= Yanwen Zhang =

Chinese materials and nuclear engineer

Yanwen Zhang is a materials engineer and nuclear engineer whose research concerns radiation damage and radiation tolerance in alloys. Educated in China and Sweden, she has worked in Sweden, the United States, and most recently Canada, where she is a professor in the Queen's University at Kingston Department of Mechanical and Materials Engineering and holder of a Canada Excellence Research Chair in Impact of Radiation in Energy and Advanced Technologies.

==Education and career==
Zhang was a student at Beijing Normal University in China, where she received a bachelor's degree in solid state physics in 1990 and a master's degree in materials science and engineering in 1993. She has two doctorates, one in nuclear engineering in 1998 from Lund University in Sweden, and a second one in 1999 from Beijing Normal University in 1999 in materials science and engineering. Continuing in Sweden, she received a docent qualification (the Swedish equivalent of a habilitation) from Lund University in 2004.

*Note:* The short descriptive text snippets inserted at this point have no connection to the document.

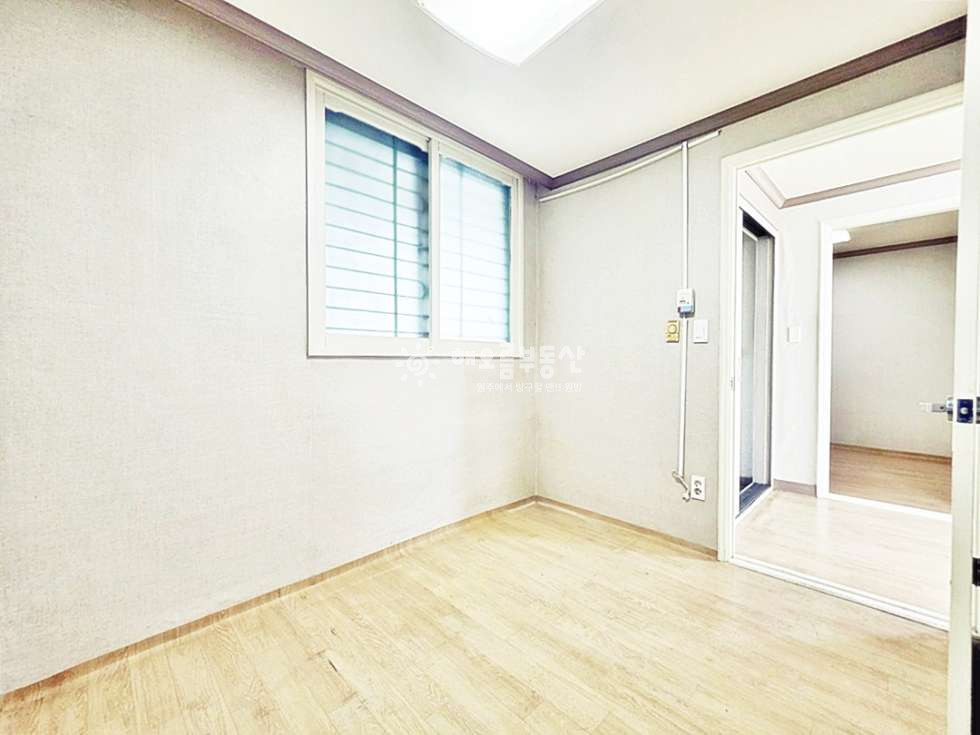 강원 원주시 행구동 1850 105동 급매물 건영23평 즉시입주 남향 해잘드는 집 매매 매물번호 16862 사진 6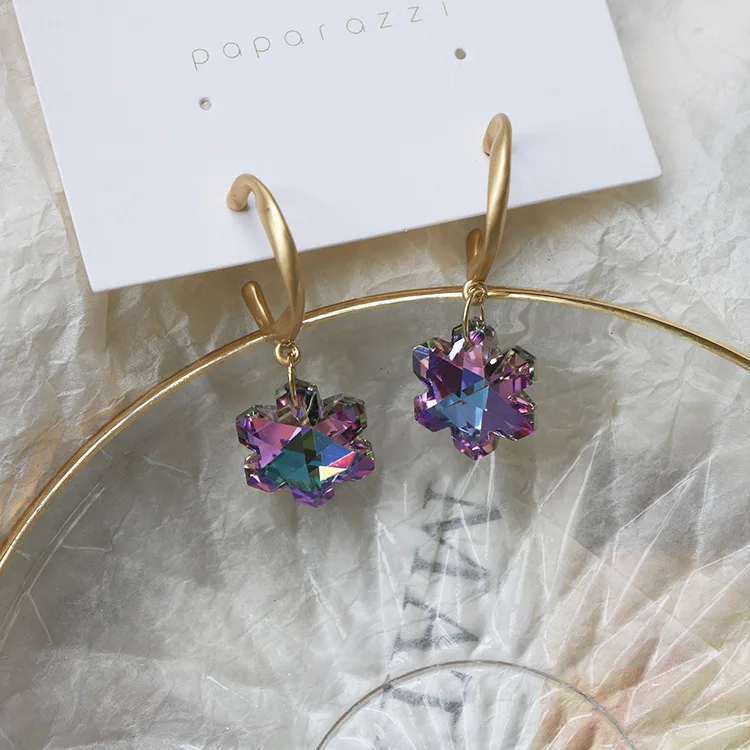 

Cool purple snowflake crystal earrings Hong Kong style retro earrings female niche design earrings ins temperament earrings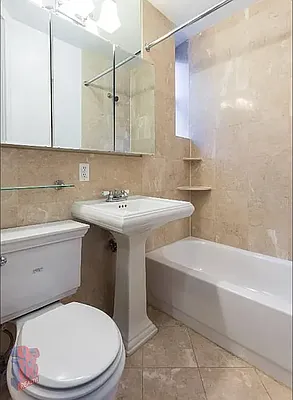 Rented by REAL New York | media 8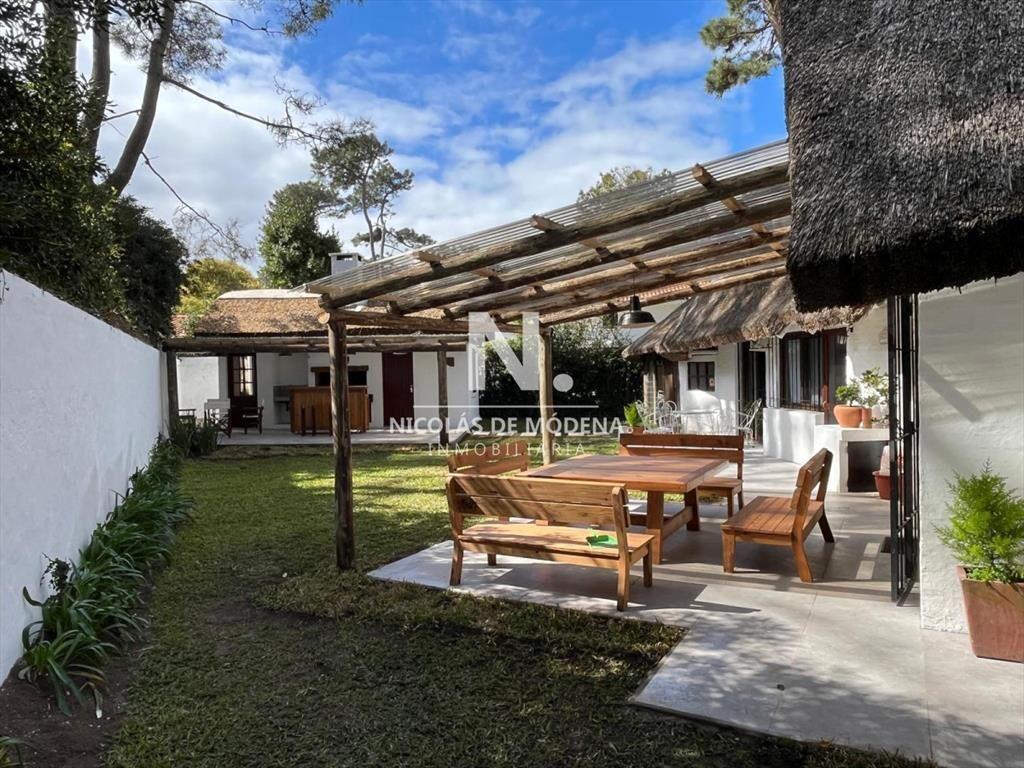 Casa de 3 dormitorios en playa brava, Punta del Este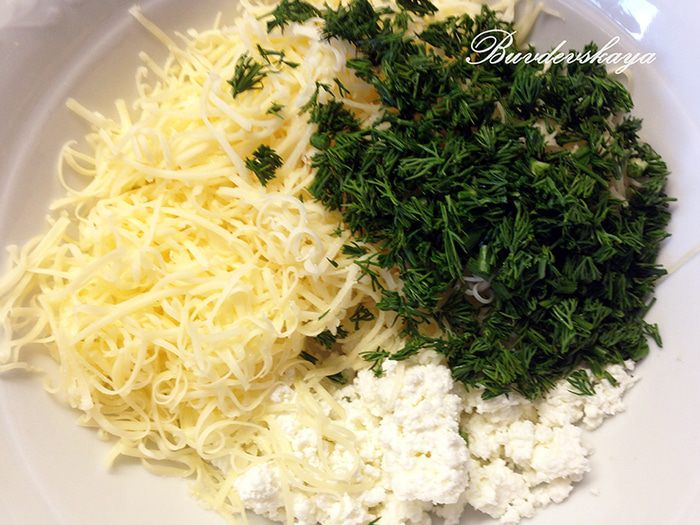 Спиралевидные лепешки с творогом и сыром 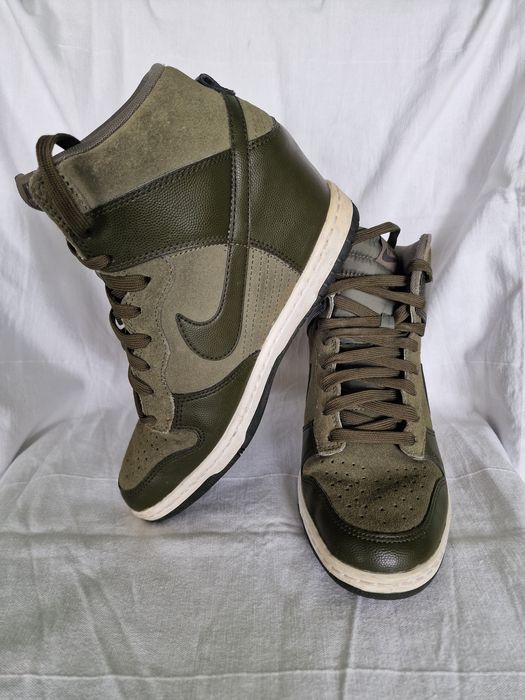 Кецове Nike на платформа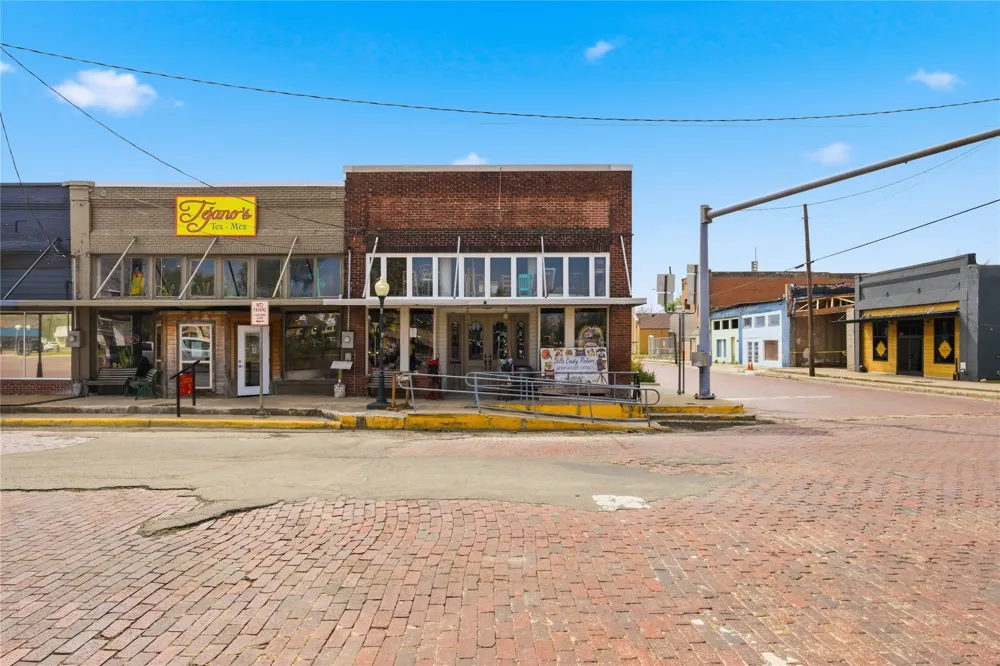 10 SS Cooper, TX 75432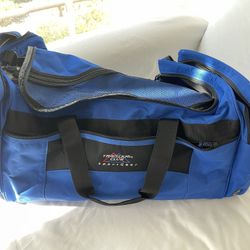 LikeNew - XLarge Travelers Club duffle bag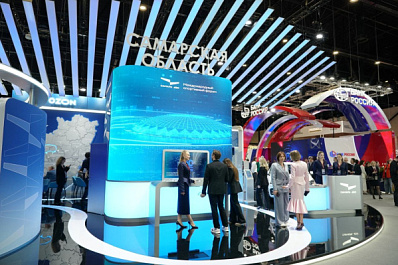 Губернатор Самарской области Вячеслав Федорищев осматривает площадки ПМЭФ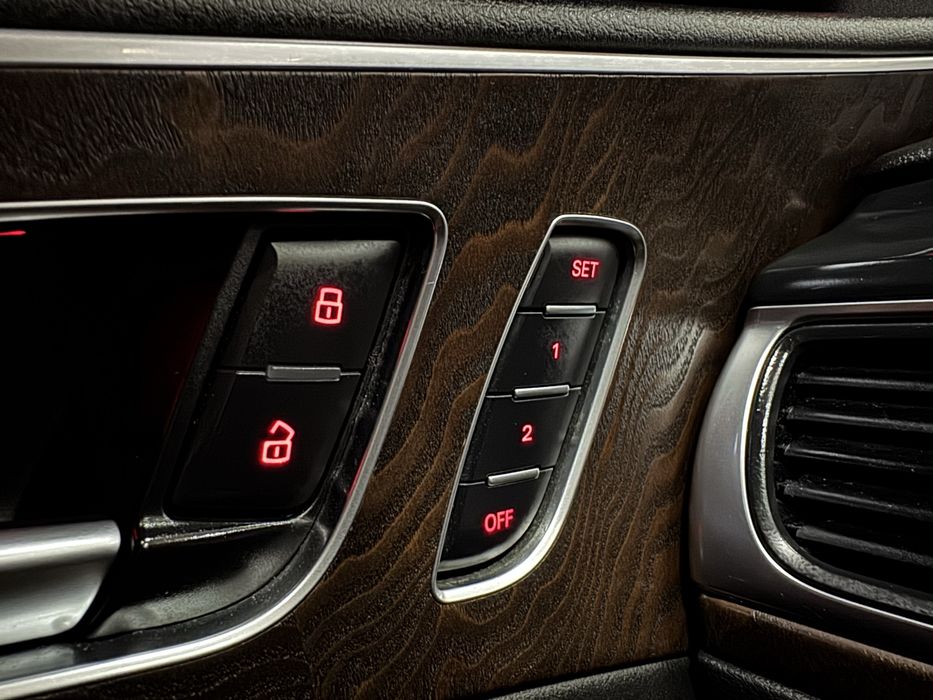 Audi A6 quattro 3.0TFSI V6 24V АКПП 2012 р.в. (300 к.с.)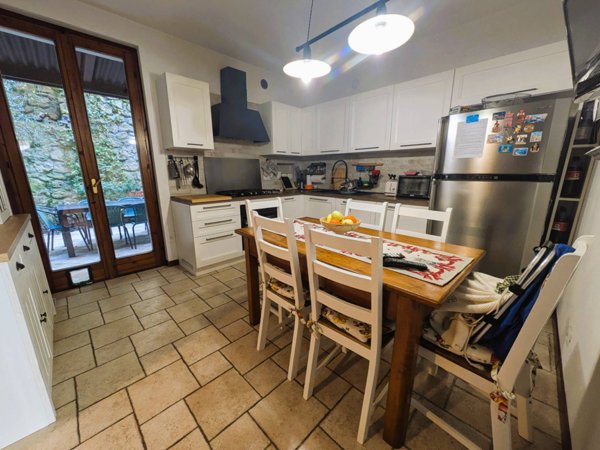 casa indipendente in vendita a Negrar di Valpolicella in zona Arbizzano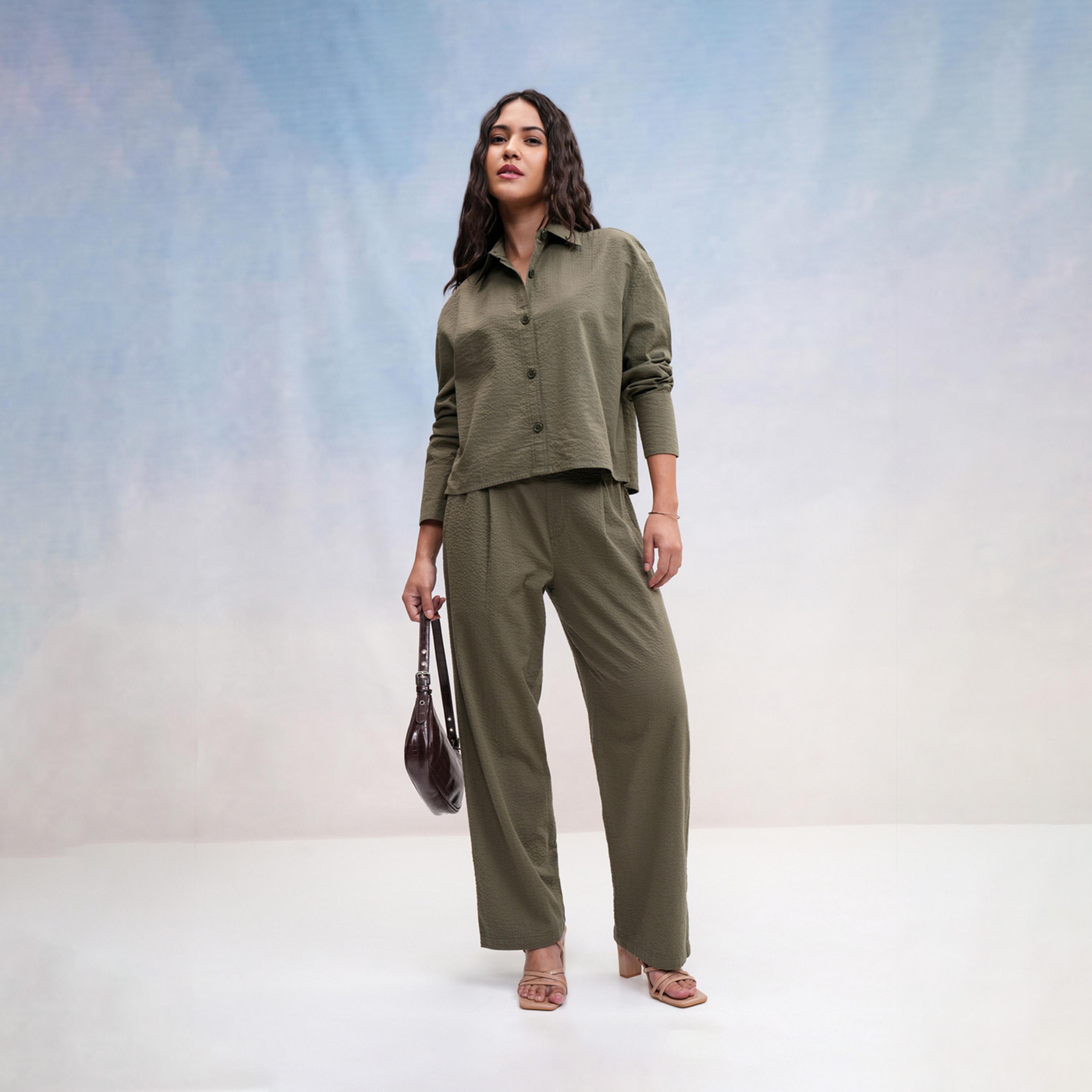 Tokyo Talkies X Styli Textured Spread Collar Cotton Regular Fit Shirt-women-clothing-shirtsandblouses-shirts-image-2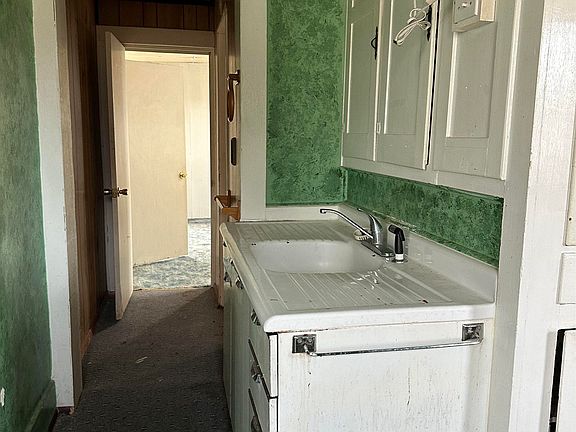 2nd image of 569 Custer Pl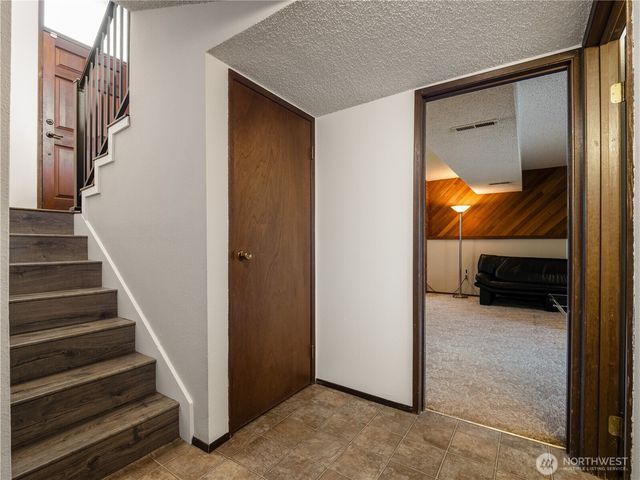 2103 SW 306th Place, Federal Way, WA 98023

She worked as an assistant professor in ion physics at Uppsala University from 2000 to 2002. In 2003 she moved to the United States to become a research scientist at the Pacific Northwest National Laboratory, where she continued until 2010. From 2010 until 2022 she was a distinguished staff member at the Oak Ridge National Laboratory with a joint faculty position in materials science and engineering at the University of Tennessee, and deputy director of the university's Ion Beam Materials Laboratory. From 2022 until 2024 she was Directorate Fellow at the Idaho National Laboratory. She moved to her present position at Queen's University at Kingston, in Canada, in 2024.

==Recognition==
Zhang was a 2005 recipient of the Presidential Early Career Award for Scientists and Engineers. She was named as a Fellow of the American Ceramic Society in 2022.